A total of 244,806 speeding violations were recorded last year, up from 225,550 in 2011. The number is even scarier when it comes to heavy vehicles. Traffic Police figures show that close to 1,800 heavy vehicles, such as lorries, tipper trucks and cement mixers, were caught speeding in the first six months of the year. This is three times higher than that for the same period last year.
We have to take action against ignorant heavy-vehicle drivers. We also need to educate vulnerable pedestrians and cyclists on how to be safe around such big vehicles, with their huge blind spots.
To make matters worse, drink driving is also on the rise.
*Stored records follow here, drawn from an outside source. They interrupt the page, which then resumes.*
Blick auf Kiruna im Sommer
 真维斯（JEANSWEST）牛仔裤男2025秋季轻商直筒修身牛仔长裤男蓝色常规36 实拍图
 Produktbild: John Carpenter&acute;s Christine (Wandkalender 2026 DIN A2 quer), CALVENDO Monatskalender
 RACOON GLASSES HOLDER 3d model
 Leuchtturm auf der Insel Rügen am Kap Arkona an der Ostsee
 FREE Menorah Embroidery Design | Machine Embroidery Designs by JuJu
More than 2,300 motorists were arrested for drink driving in the first nine months of this year, which is a 9 per cent increase compared to the same period last year.
You don't "accidentally" find yourself travelling at 30kmh above the speed limit, nor do you "accidentally" swallow five shots of tequila before getting behind the wheel.
I am no saint. I've had my share of speeding tickets, collected demerit points and sent on my way. And I've walked away thinking, "It was just minor speeding. Not more than 20kmh over."
Seeing the trail of destruction and tragedy that can be caused by even "minor speeding" these few years, I have eased up on my right foot. And that's no accident.